▸ Activity:
Print the lines of the entries below from the one with "valances 15 pieces" through the final line, exactly as they appear. The pictures are not part of the copy.

▸ Available data:
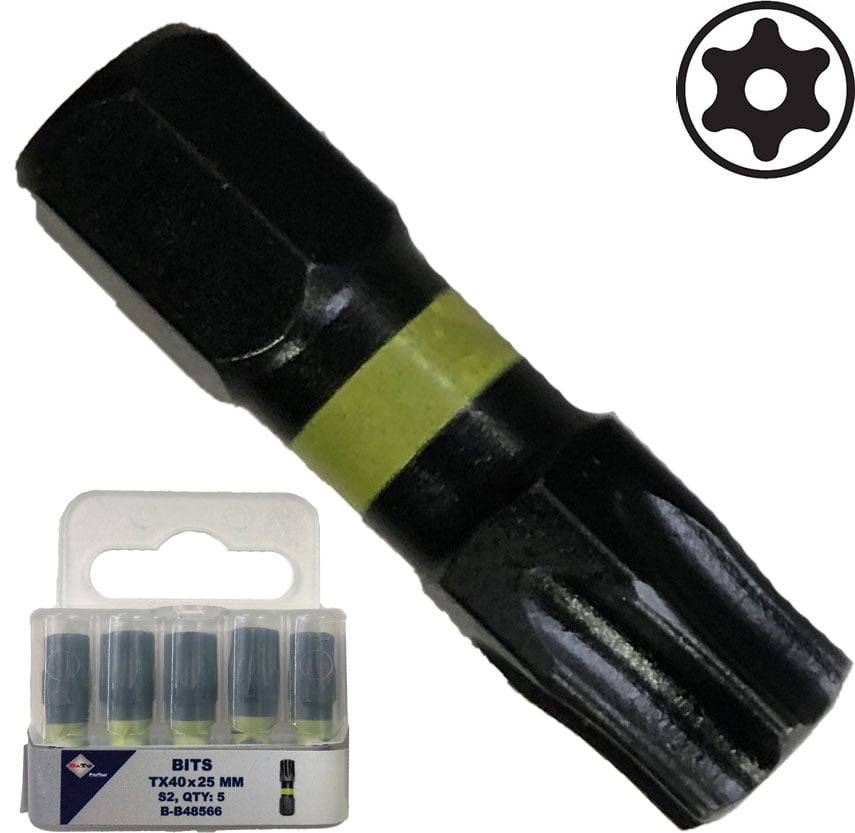 Bato     Quot  Bits Torsion S4 Slag Torx Tamber 40   25mm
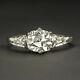 1,25ct Old Mine Cut Diamond Platinum Engagement Ring Vintage Antique Orient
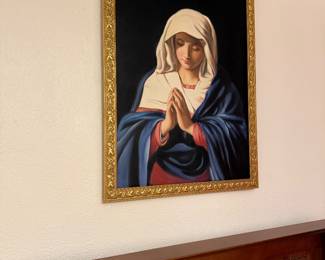 #100 -$250 - Madonna praying 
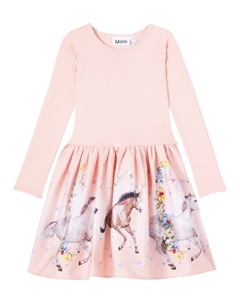 Платье Casie Warm с принтом из хлопковой смеси, Universal Flora Molo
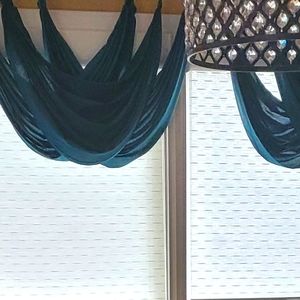 Royal Velvet  green window valances 15 pieces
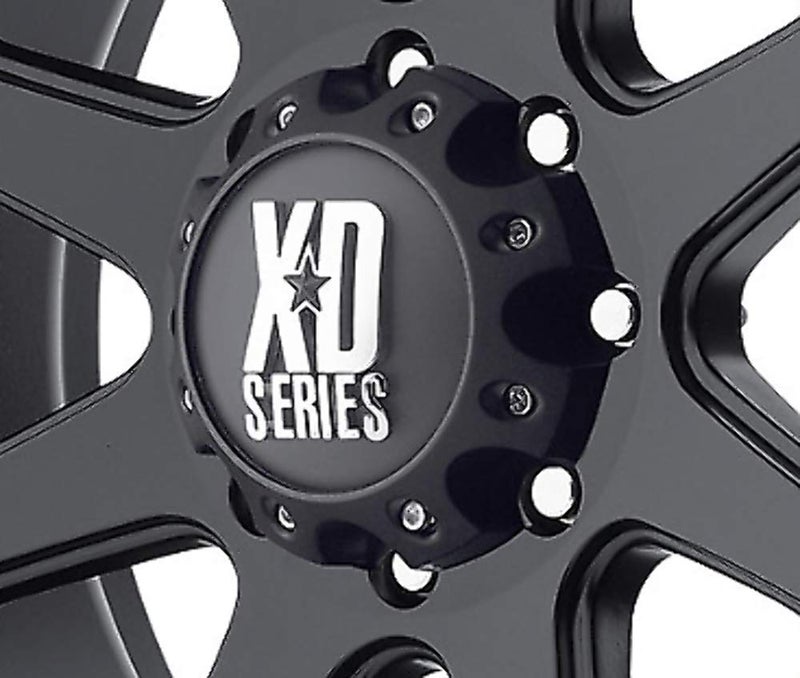 KMC XD Series by KMC Wheels KMC XD Series 441 796 797 798 800 801 8 Lug Matte Flat Black Center Cap 1079L170-MB-8LUG - Image 4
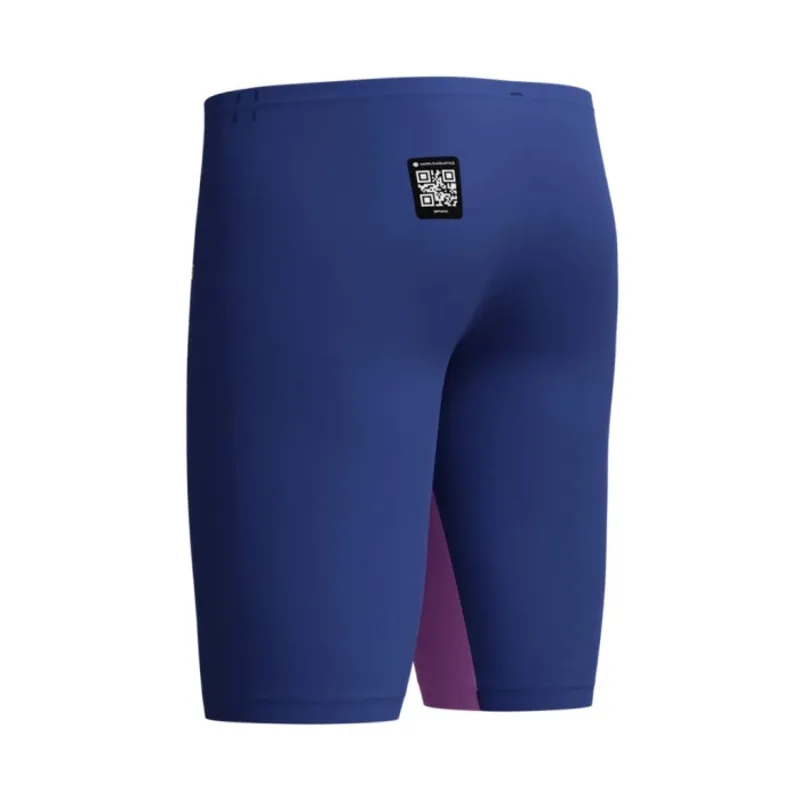 Speedo Men's Fastskin LZR Pure Valor 2.0 Jammer Navy/Purple-4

▸ Response box:
 Royal Velvet  green window valances 15 pieces
 KMC XD Series by KMC Wheels KMC XD Series 441 796 797 798 800 801 8 Lug Matte Flat Black Center Cap 1079L170-MB-8LUG - Image 4
 Speedo Men's Fastskin LZR Pure Valor 2.0 Jammer Navy/Purple-4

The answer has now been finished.